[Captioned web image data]
-=-=-=-=-

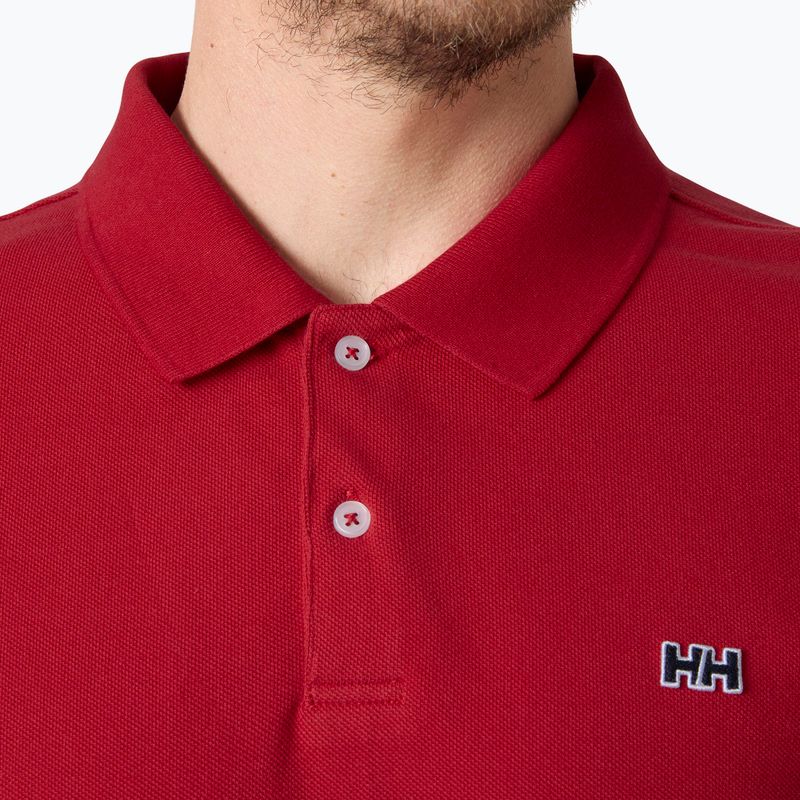 Herren T-Shirt Helly Hansen Hudson Polo red 3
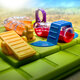Joc de logica cu 60 de provocari Dog, 7 ani+, Smart Games 704910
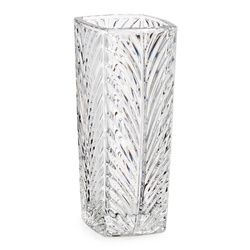 Vaza patrata cu model de cristal, 15 cm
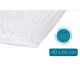 TAPPETO BAGNO BIANCO 40X60CM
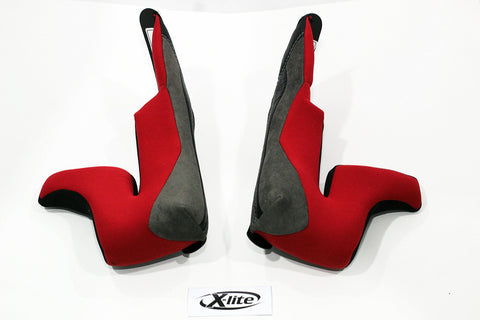 X-Lite Cheekpads for X-802 / X-802R / X-802R Ultra (Red) - Durian Bikers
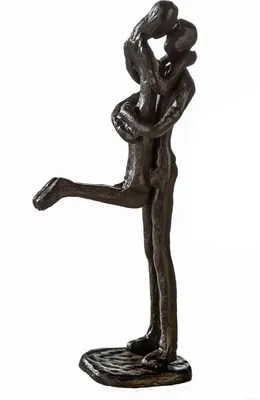 Produktbild von Casablanca by Gilde Dekofigur Design Skulptur Kissing brüniert H. 19 cm,74568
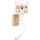 Brilagi - LED detská flexibilná nástenná lampa BOBO WOOD 1xE27/25W/230V + LED/3W dub/biela/ružová/víly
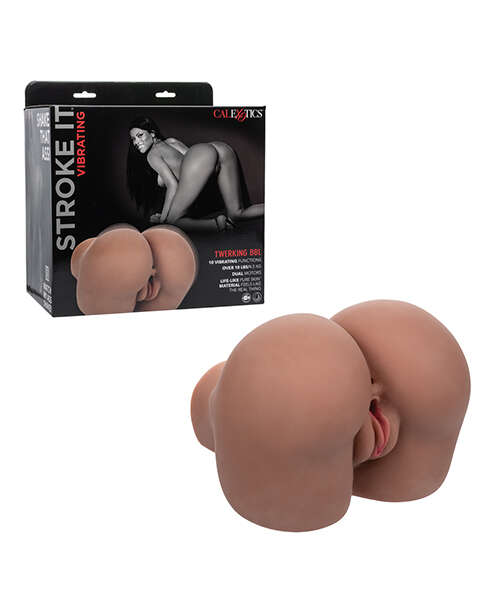 Stroke It Vibrating Twerking BBL - Brown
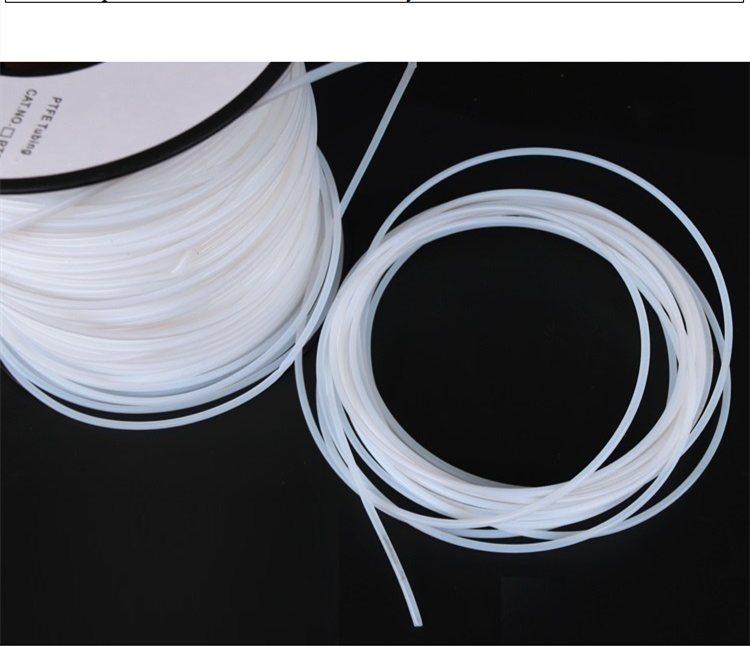 14S 1.68mm x 2.48mm PTFE Tube F46 Insulated Capillary Heat Protector Transmit Hose Rigid Temperature Corrosion Resistance 600V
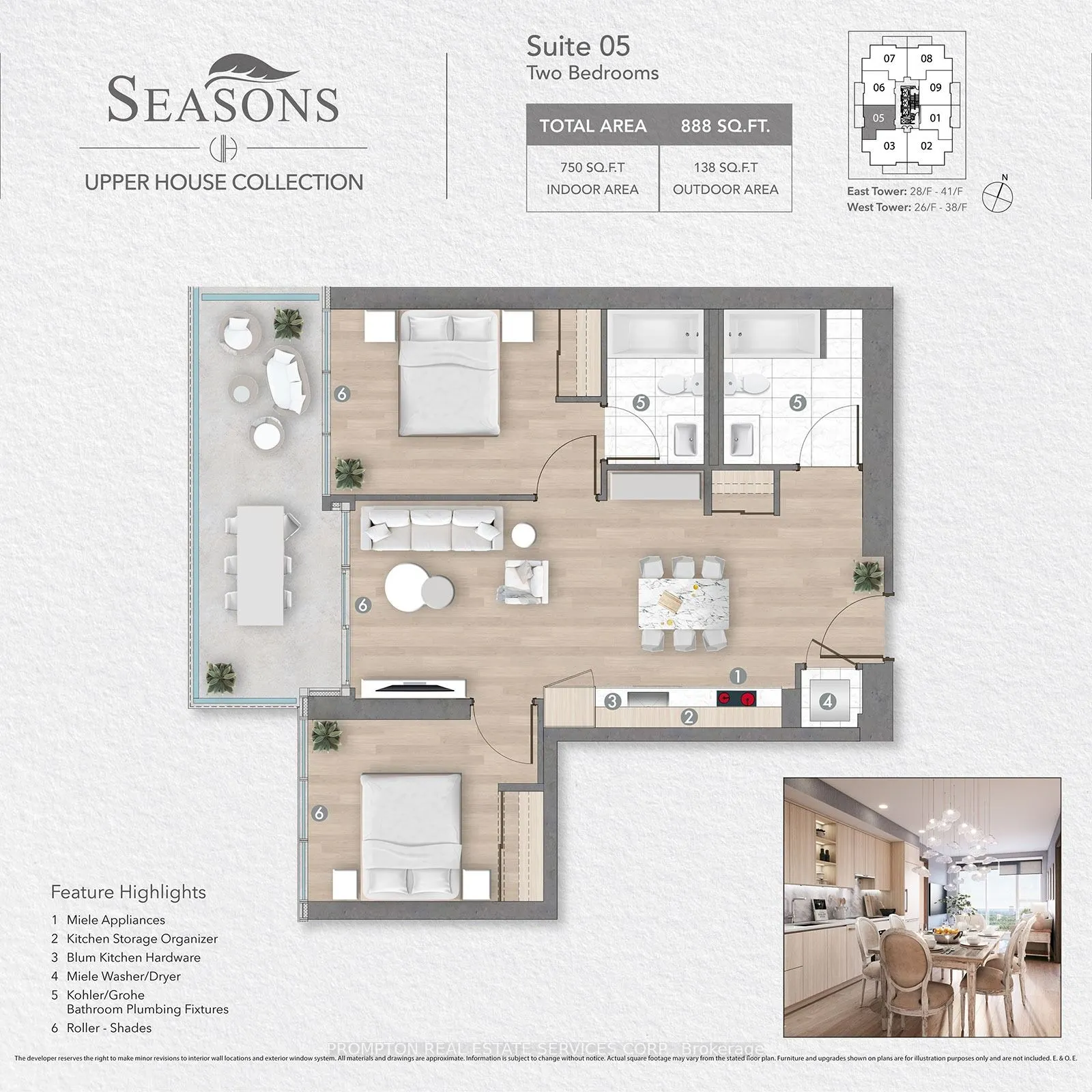 95 Mcmahon Drive #2805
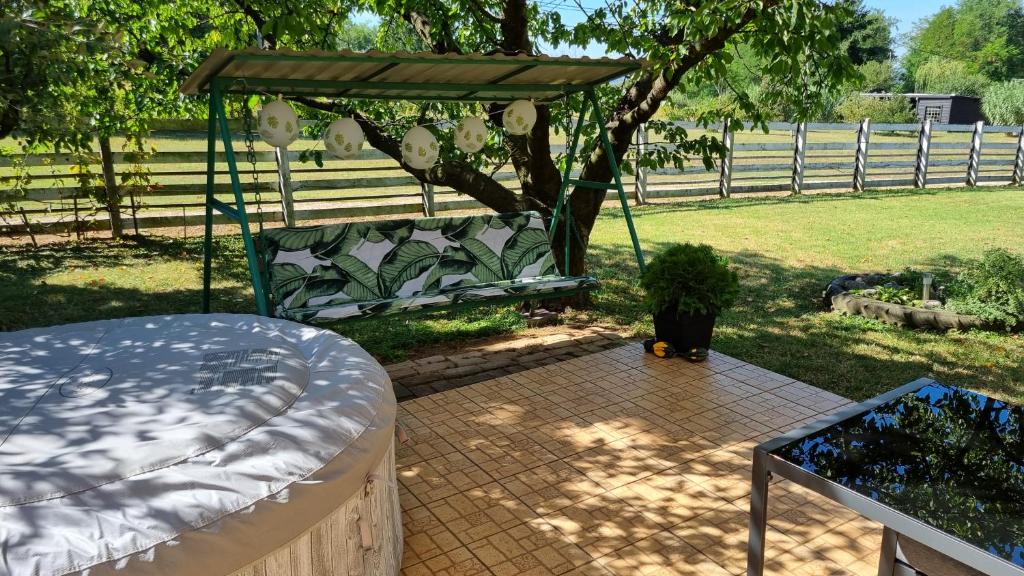 Zahrada ubytování Tóthék Apartman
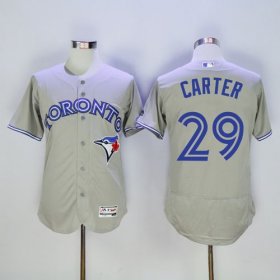 Wholesale Cheap Blue Jays #29 Joe Carter Grey Flexbase Authentic Collection Stitched MLB Jersey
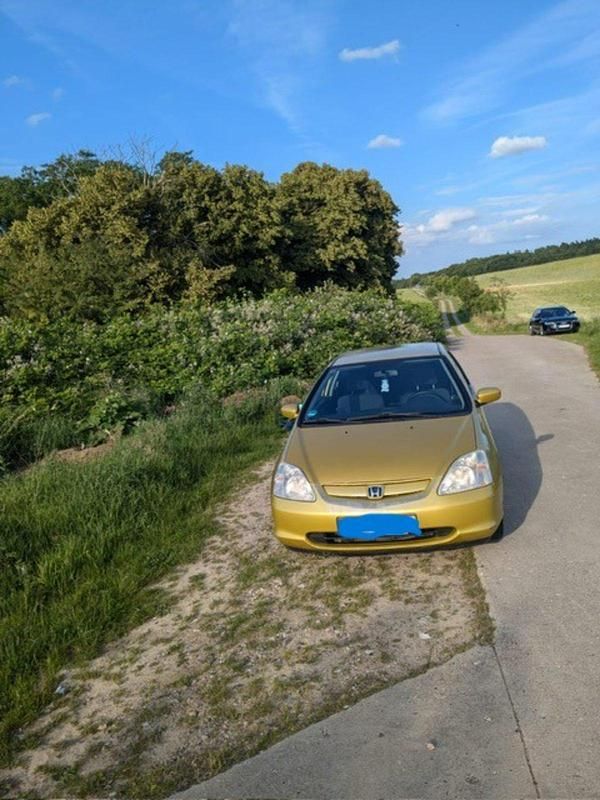 Gelb Gebraucht 2002 Honda Civic Coupé | 1.200 € (Guter Preis) - Bild 1/4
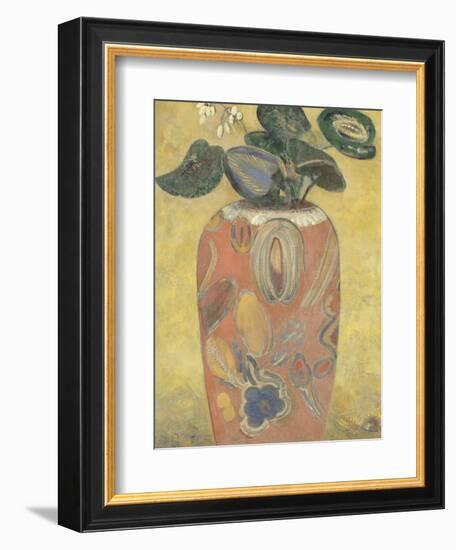 Plante verte dans une urne-Odilon Redon-Framed Giclee Print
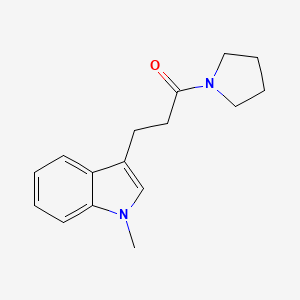 molecular formula C16H20N2O B7499708 3-(1-Methylindol-3-yl)-1-pyrrolidin-1-ylpropan-1-one 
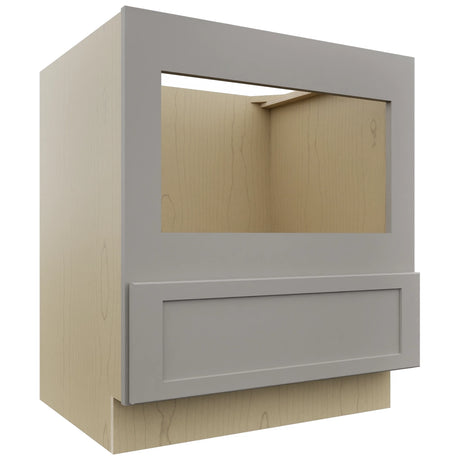 Fabuwood Galaxy Nickel BMC30 Base Microwave Cabinet, Front View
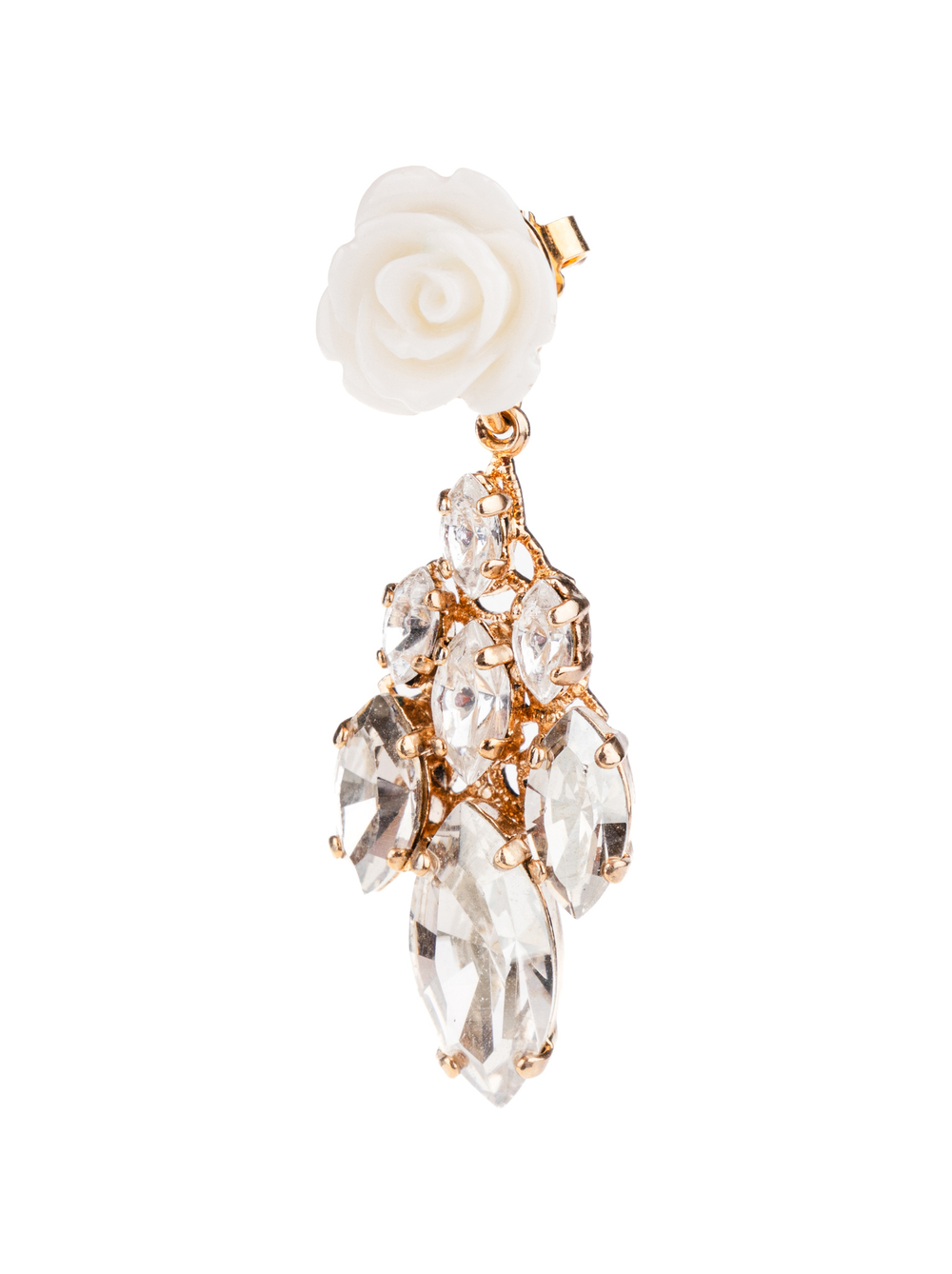 A HEUNIS серьги - белый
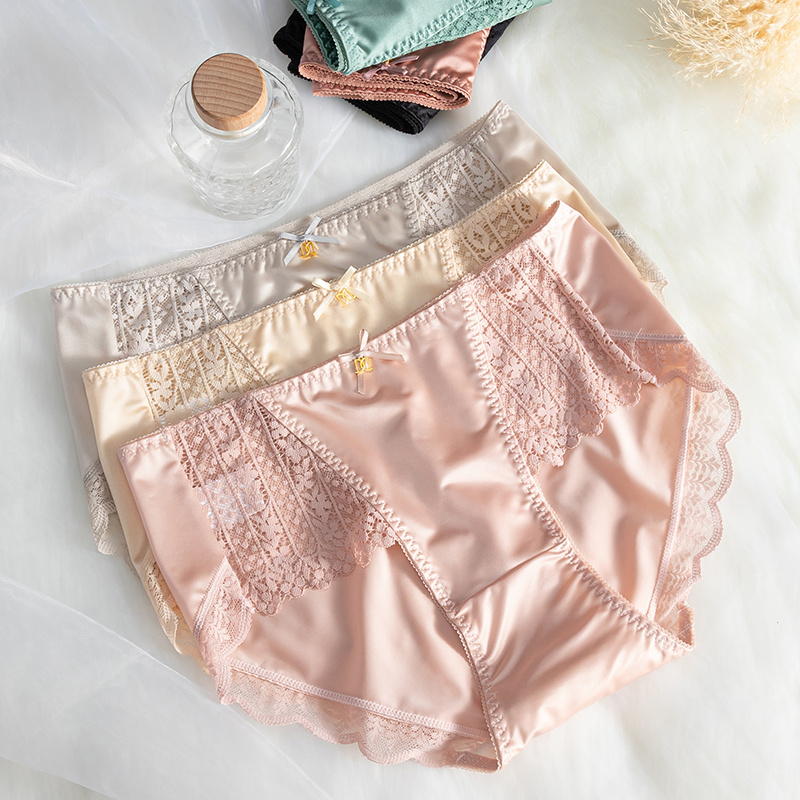 weisiyu high-end beautiful hot sexy womens underwear solid color lace colourful cotton wholesale custom ladies panties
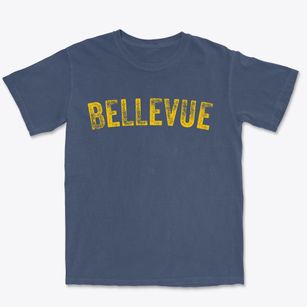 Bellevue Iowa Timeless Retro Premium Heavyweight T-shirt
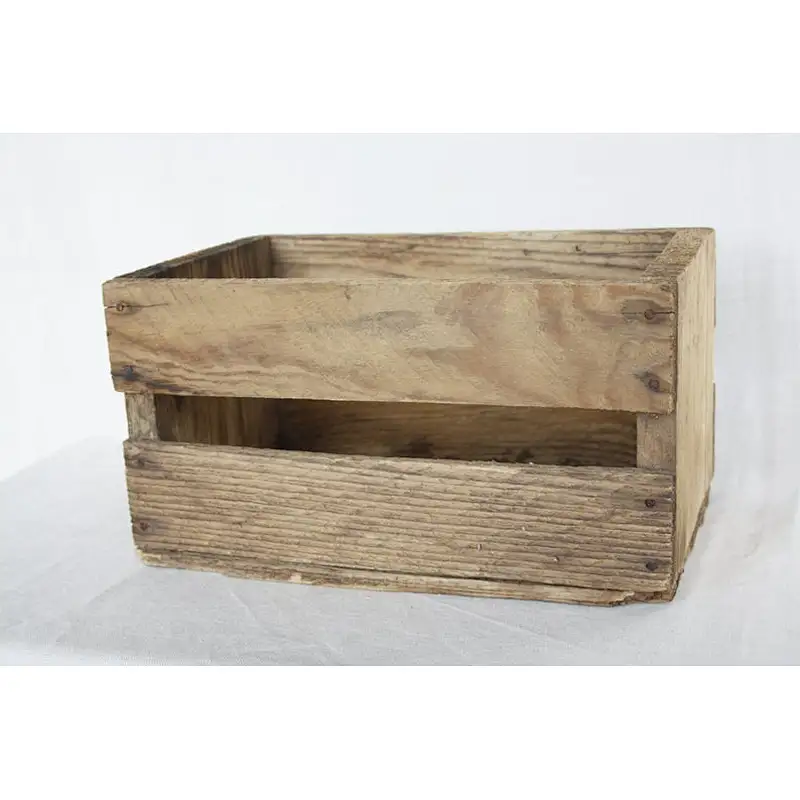 Rustic wholesale wood planter box   VintageRetro country planting box combination wood box with ceramic flower manufacturers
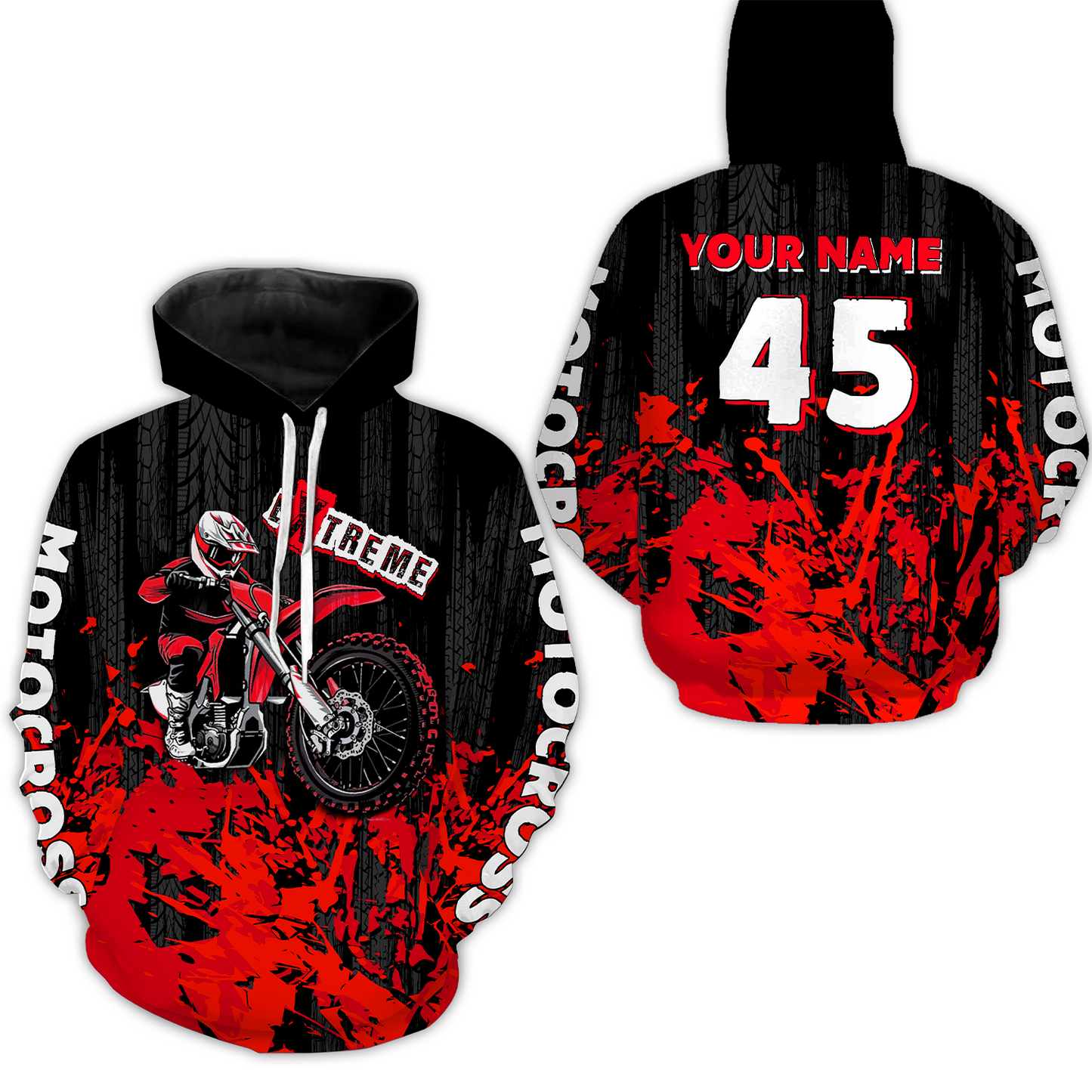 Adult&Kid red custom Motocross jersey upf30+ dirt bike jersey mens women Motocross Shirt| CTP01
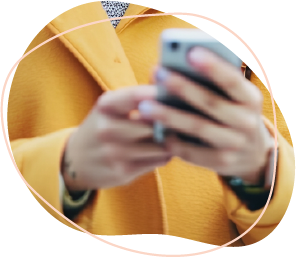 Person holding a phone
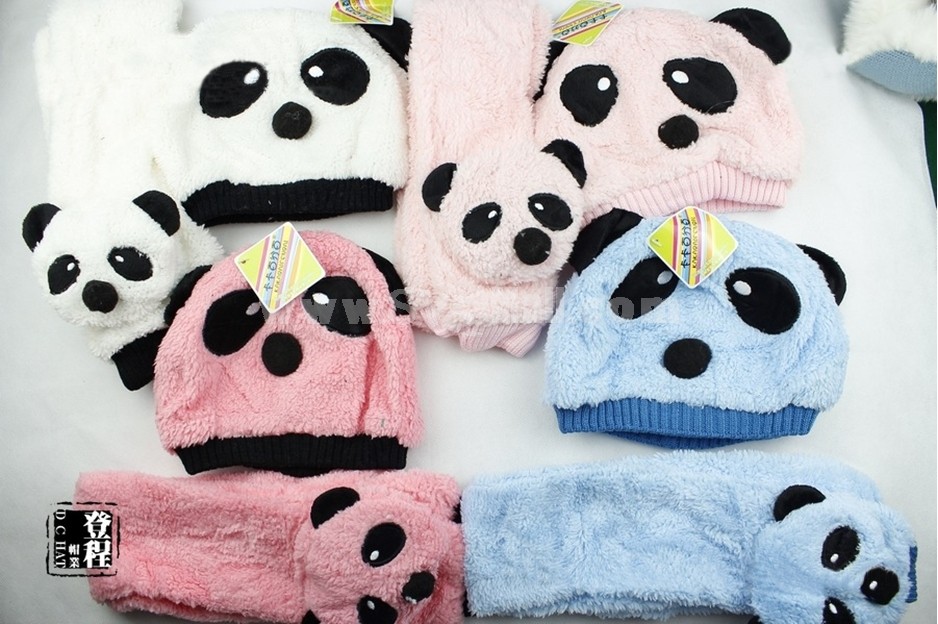 DCH Children Panda Cartoon Hats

-=-=-=-=-

ACTION ITEM:
Give back the records exactly, minus any pictures.

EXERCISE ANSWER:
 Herren T-Shirt Helly Hansen Hudson Polo red 3
Joc de logica cu 60 de provocari Dog, 7 ani+, Smart Games 704910
 Vaza patrata cu model de cristal, 15 cm
 TAPPETO BAGNO BIANCO 40X60CM
 X-Lite Cheekpads for X-802 / X-802R / X-802R Ultra (Red) - Durian Bikers
 Produktbild von Casablanca by Gilde Dekofigur Design Skulptur Kissing brüniert H. 19 cm,74568
 Brilagi - LED detská flexibilná nástenná lampa BOBO WOOD 1xE27/25W/230V + LED/3W dub/biela/ružová/víly
 Stroke It Vibrating Twerking BBL - Brown
 14S 1.68mm x 2.48mm PTFE Tube F46 Insulated Capillary Heat Protector Transmit Hose Rigid Temperature Corrosion Resistance 600V
 95 Mcmahon Drive #2805
 Zahrada ubytování Tóthék Apartman
 Wholesale Cheap Blue Jays #29 Joe Carter Grey Flexbase Authentic Collection Stitched MLB Jersey
 Gelb Gebraucht 2002 Honda Civic Coupé | 1.200 € (Guter Preis) - Bild 1/4
 Plante verte dans une urne-Odilon Redon-Framed Giclee Print
 molecular formula C16H20N2O B7499708 3-(1-Methylindol-3-yl)-1-pyrrolidin-1-ylpropan-1-one 
 Fabuwood Galaxy Nickel BMC30 Base Microwave Cabinet, Front View
 A HEUNIS серьги - белый
 weisiyu high-end beautiful hot sexy womens underwear solid color lace colourful cotton wholesale custom ladies panties
 Bellevue Iowa Timeless Retro Premium Heavyweight T-shirt
 Rustic wholesale wood planter box   VintageRetro country planting box combination wood box with ceramic flower manufacturers
 Adult&Kid red custom Motocross jersey upf30+ dirt bike jersey mens women Motocross Shirt| CTP01
 Person holding a phone
 DCH Children Panda Cartoon Hats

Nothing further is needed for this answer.